The parents were devastated when they were told the news. No one could find anything, and the case looked as if it would become just another cold case, tossed in the rather large pile of unsolved cases. These mortals’ lives are so short, they can’t seem to stay focused on one thing for too long. It’s a sad reality for them. What is even sadder, is the fact that the longer this young girl is missing, the smaller her chance of survival is.
I rubbed my eyes. I couldn’t shake the image of the Fontes’ faces. After the news of the BAU’s departure and discovering the local PD was no longer pursuing the case, the Fontes looked as if they had lost all hope. The stepfather tried to keep a brave face, but I knew the pain he was in. The mother, she completely crumbled. Her face had already been long stained by tears, flooded with every desperate sob. Her makeup ran down her face in little black streaks of eyeliner and mascara. Her foundation was ruined. It was completely absent from her nose. It was red and irritated from constantly wiping the snot away.
I replayed the image of her and her husband over in my mind.
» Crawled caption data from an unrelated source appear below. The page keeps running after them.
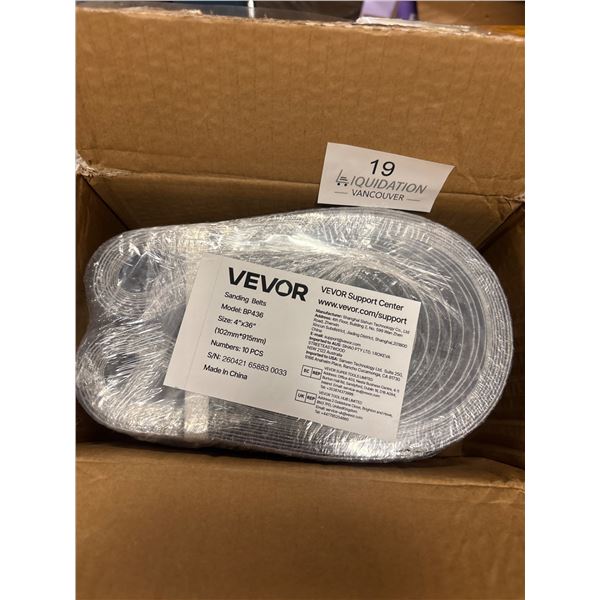 Brand New Sanding Belts 4"x36" (10 PCS)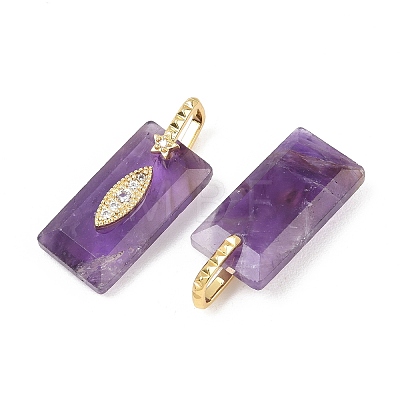 Natural Amethyst Faceted Pendants GG-CBA4154-06G-05-1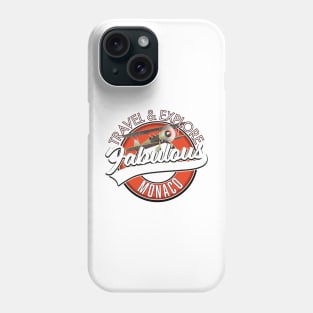 Travel explore fabulous Monaco logo Phone Case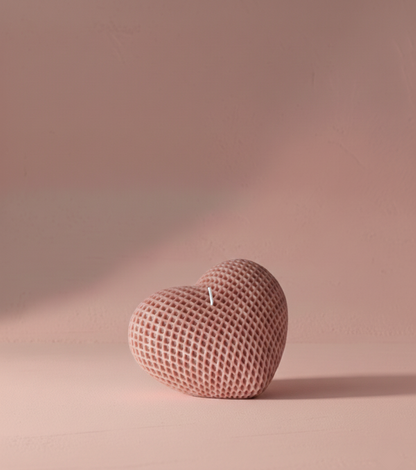 Textured Heart Candle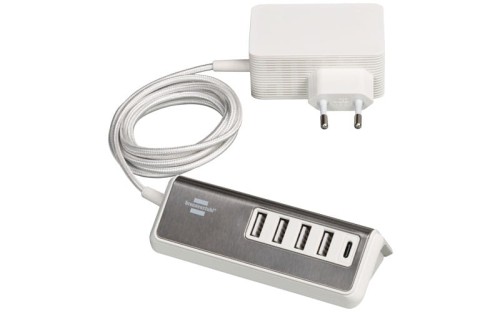 Ładowarka, stacja ładująca z 4 x gniazdami ładowania USB Brennenstuhl 1508230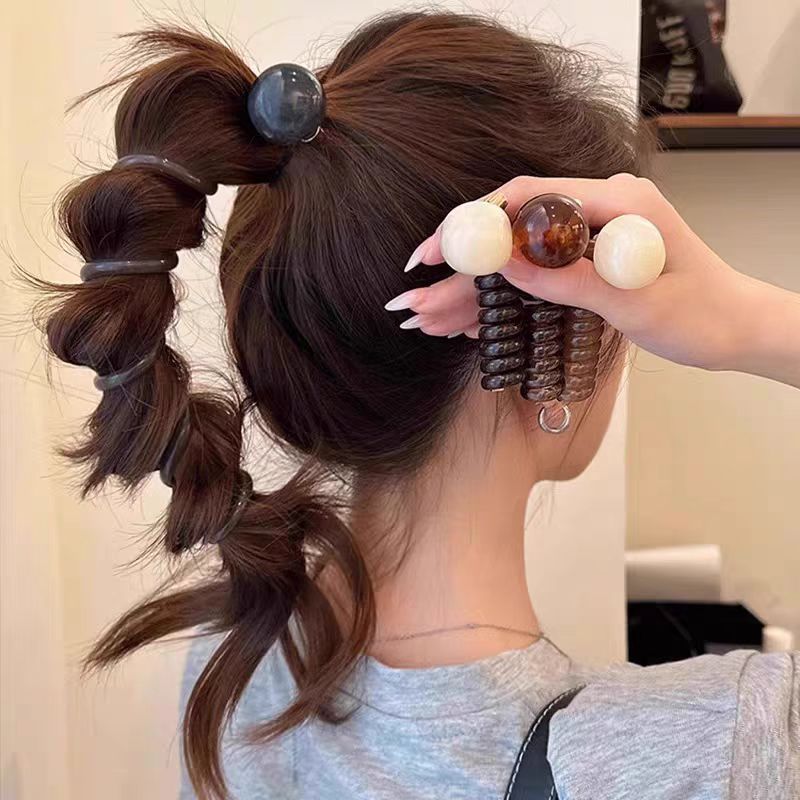 Silicone Band Women - Faixa de Cabelo Elástica Reta Vintage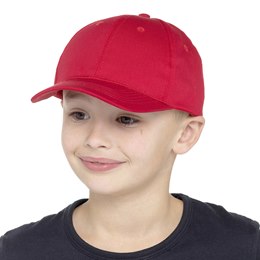 GL652 Kids Baseball Cap Red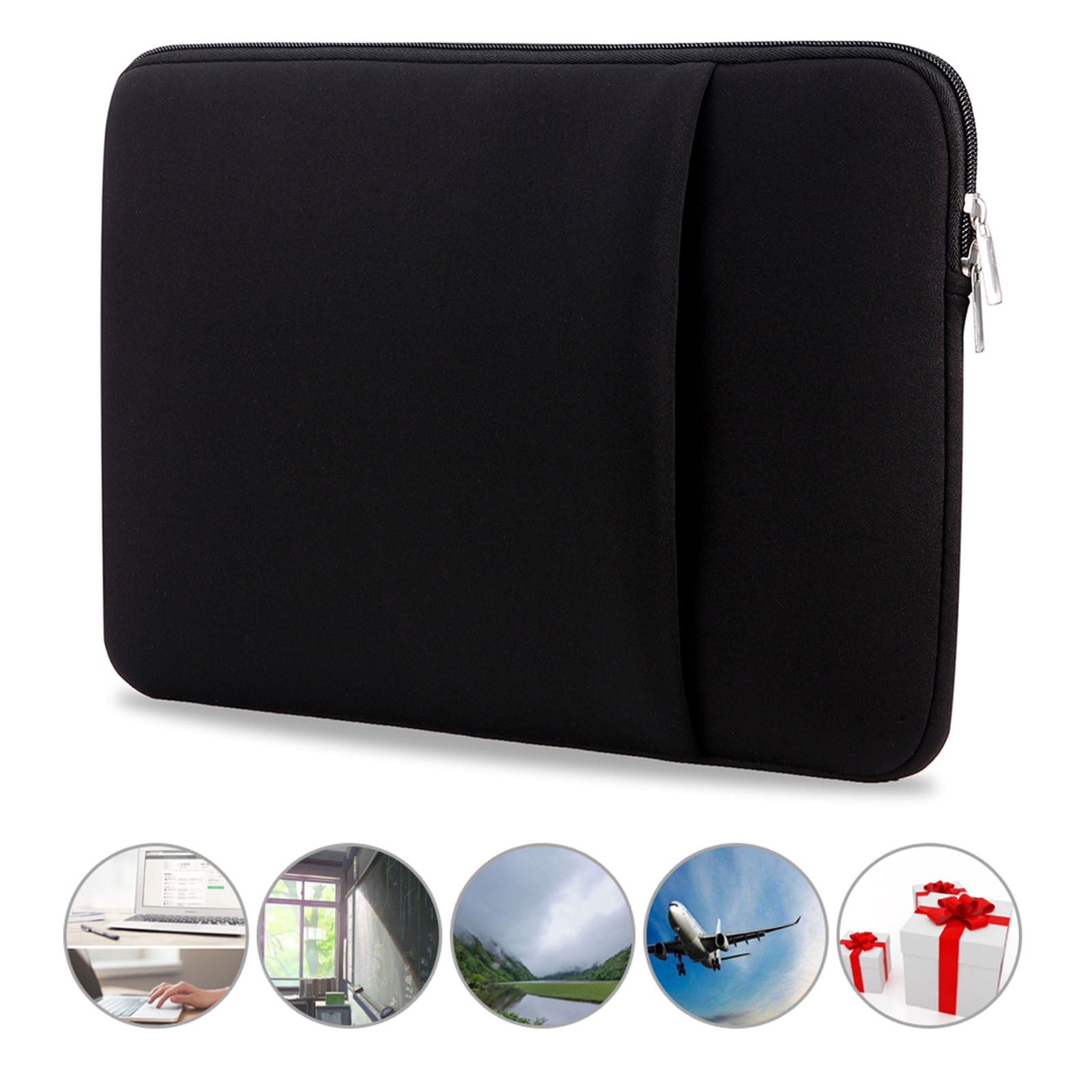 Case B2015 Laptop Sleeve Soft Zipper Pouch 17'' Laptop Bag Replacement For  Air Pro Ultrabook Laptop Pink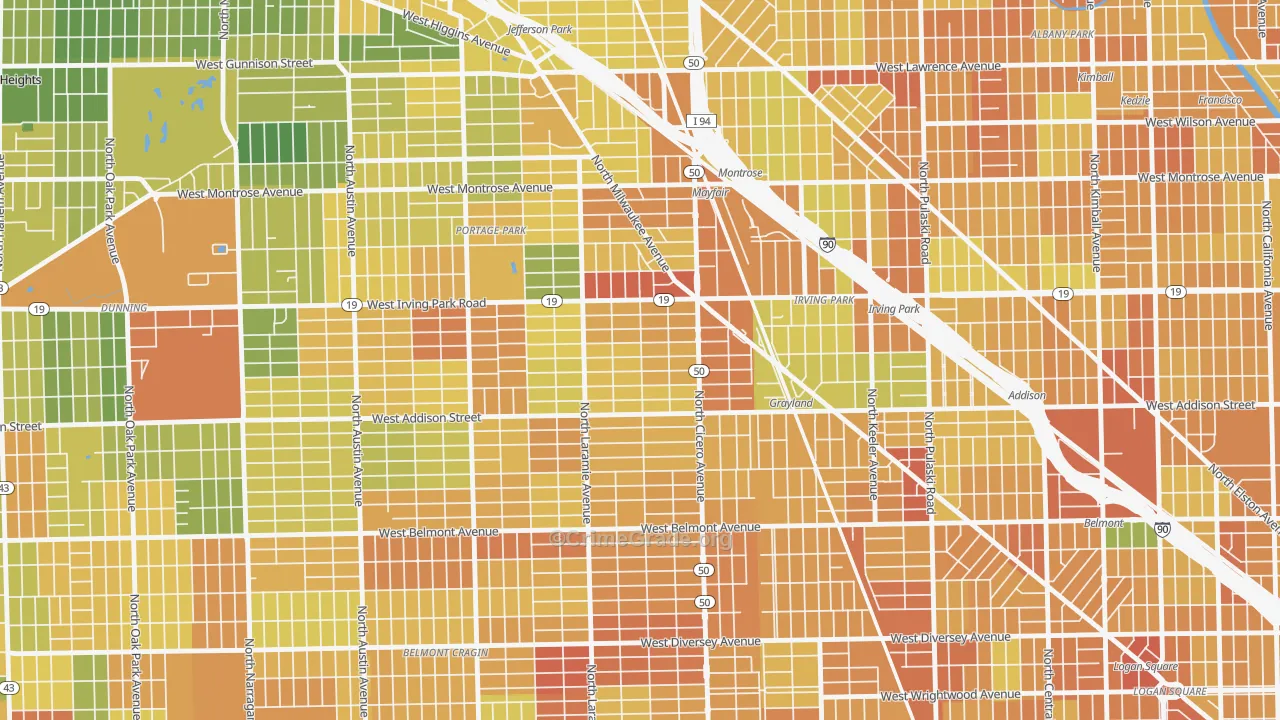 Grayland, Chicago, IL Map of Assault Rates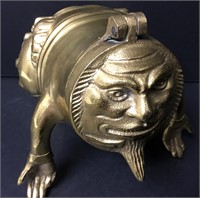 Vintage Levenger Brass Money Man Bank 4"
I couldn’t stop seeing them. The wife stuck with me the most. I could still see her as she fell into her husband’s arms, sobbing so loudly and uncontrollably that I thought she might actually break and fall apart into tiny pieces. Honestly, I do not blame her. Bella was her only child, her whole life, and now she was being told that she was gone forever, and everyone was just giving up.
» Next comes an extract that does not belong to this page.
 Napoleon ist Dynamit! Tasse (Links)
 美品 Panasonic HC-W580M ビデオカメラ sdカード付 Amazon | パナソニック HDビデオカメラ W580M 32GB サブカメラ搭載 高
To Hades with that! That couldn’t be the end of the story. Not for the Fontes and definitely not for Bella. I remembered walking over to the distraught parents and sliding the stepfather my personal business card. I leaned in close, so only the two of them could hear me. Although, I am not sure that the mother could hear anything over her grief. “Come to my office tomorrow at 10:00 am. We have work to do if we are going to find Bella,” I told him. I have learned that using the victim’s name helps. It lets the parents know that their loved one is not just another case, but an actual person. That, and it shows them you give a damn.
Mr. Fonte looked up from his wife then. He looked me straight in the eyes, bully for him, and asked, “Why?”
I knew the only thing that would make sense right now was the simple truth. “Because I don’t give up. Especially, not when children are involved.”